My friend Michele and I like to try new restaurants once in while. Sometimes it turns out good. Sometimes it doesn't. Our latest new food experience was hit and miss. I had some macaroni and cheese that was phenomenol (I really want to know what kind of cheese they used) and her pepper steak with gorgonzola was good, too. (We swapped bites--sue us).
Where it failed, for me at least, was the collard greens.
For some ungodly reason--they had onions in them.
Don't get me wrong, I have nothing against onions. I frickin' love onions. At work, if an employee meal pops up and it has "add onions" the general (correct) assumption is said meal is mine. So my annoyance didn't come from not liking onions.
It came from the fact that the collard greens had onions in them.
I've lived in the South all my life. I probably will, if only for the fact I really sincerely don't like cold weather--by which I mean anything under sixty degrees. I've grown up on what's alternately called southern food and soul food (I'm not going to argue on whether they are or are not one and the same).
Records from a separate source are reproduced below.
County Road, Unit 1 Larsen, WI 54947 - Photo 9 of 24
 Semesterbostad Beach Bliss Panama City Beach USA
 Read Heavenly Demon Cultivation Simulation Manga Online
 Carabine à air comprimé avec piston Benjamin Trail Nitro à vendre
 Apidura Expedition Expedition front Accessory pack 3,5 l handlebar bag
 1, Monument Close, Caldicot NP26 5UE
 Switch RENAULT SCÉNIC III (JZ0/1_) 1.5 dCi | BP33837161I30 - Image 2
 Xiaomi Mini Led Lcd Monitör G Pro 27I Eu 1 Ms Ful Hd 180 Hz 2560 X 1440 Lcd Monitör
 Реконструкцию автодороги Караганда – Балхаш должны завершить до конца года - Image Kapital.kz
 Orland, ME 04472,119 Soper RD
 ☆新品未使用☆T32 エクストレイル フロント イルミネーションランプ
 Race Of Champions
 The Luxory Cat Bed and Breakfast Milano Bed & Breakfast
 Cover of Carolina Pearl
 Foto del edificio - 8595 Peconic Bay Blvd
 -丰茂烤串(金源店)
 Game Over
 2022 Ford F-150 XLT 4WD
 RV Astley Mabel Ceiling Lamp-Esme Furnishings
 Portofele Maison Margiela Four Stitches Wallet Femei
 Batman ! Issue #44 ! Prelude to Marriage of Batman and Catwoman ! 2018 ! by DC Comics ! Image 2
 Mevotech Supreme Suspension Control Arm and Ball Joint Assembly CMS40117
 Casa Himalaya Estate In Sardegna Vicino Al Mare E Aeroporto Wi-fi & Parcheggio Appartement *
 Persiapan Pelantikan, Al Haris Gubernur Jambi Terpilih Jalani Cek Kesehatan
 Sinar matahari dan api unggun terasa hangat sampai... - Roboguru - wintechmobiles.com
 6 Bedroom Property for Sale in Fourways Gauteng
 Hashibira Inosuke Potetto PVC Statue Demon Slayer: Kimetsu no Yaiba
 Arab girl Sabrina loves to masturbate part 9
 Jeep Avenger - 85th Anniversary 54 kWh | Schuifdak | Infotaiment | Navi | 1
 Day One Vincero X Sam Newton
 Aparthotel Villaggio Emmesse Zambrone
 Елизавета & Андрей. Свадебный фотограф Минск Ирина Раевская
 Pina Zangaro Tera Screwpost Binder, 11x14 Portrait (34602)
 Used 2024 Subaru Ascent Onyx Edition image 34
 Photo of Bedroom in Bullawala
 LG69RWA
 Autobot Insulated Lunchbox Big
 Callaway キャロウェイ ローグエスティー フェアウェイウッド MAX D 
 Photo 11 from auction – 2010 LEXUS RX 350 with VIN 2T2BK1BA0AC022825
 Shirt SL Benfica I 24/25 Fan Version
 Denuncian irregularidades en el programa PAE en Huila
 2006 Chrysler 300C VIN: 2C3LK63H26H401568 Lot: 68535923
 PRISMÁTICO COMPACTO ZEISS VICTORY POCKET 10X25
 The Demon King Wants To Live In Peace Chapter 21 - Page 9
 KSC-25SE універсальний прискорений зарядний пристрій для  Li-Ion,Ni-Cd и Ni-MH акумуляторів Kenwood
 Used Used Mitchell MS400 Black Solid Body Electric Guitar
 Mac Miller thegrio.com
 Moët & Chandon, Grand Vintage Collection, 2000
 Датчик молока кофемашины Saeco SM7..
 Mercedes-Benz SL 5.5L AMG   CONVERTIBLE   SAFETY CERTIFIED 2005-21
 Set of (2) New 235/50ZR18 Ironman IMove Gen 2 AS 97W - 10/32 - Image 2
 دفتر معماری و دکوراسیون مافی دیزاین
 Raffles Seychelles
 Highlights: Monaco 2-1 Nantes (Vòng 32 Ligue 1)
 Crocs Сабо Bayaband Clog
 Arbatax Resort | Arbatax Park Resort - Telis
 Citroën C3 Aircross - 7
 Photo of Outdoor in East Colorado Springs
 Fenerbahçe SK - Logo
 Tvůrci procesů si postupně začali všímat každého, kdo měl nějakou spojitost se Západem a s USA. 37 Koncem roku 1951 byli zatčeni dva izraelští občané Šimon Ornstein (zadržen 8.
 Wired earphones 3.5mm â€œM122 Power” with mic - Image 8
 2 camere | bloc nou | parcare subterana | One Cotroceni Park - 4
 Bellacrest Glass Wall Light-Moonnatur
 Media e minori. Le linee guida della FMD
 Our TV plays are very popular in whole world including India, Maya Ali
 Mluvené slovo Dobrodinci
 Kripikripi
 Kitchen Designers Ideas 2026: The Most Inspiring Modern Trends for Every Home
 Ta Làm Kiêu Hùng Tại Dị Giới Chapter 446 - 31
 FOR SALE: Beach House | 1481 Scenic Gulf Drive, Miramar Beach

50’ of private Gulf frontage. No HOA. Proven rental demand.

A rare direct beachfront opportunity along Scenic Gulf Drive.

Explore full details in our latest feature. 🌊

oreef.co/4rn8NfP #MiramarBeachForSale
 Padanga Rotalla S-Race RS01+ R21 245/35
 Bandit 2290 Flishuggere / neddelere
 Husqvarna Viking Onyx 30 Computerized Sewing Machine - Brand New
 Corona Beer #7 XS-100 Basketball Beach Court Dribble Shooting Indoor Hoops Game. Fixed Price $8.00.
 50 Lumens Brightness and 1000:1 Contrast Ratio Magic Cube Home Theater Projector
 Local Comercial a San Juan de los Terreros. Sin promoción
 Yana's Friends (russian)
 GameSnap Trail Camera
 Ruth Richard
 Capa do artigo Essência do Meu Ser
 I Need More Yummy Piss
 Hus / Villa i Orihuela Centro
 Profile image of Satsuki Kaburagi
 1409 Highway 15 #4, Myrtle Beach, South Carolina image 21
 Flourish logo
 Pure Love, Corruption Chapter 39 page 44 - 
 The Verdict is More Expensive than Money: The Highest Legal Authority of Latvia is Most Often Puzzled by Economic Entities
I was raised on things like fried chicken, biscuits and gravy, and lemon meringue pie (I don't know if that's Southern or not but just go with it).
Never in my life has anyone I have ever known put onions in collard greens.
The more I think about it, the more insulting it is to true Southern cooking.
Every born and bred Southern cook knows that the key to cooking collard green is to cook them slow, because it keeps them tender, with a little salt and oil. And finally, you add some sugar to them, to counteract the natural bitterness of the greens. Here's where my mother and I differ, because she adds the sugar at the end and I add sugar throughout the process. Her explanation is you can't tell the sweetness until the end. I say you want to cook the sugar in to the greens.
Either way--there are no onions.
If you take anything away from this post, it should be that simple fact--you don't put onions in collard greens.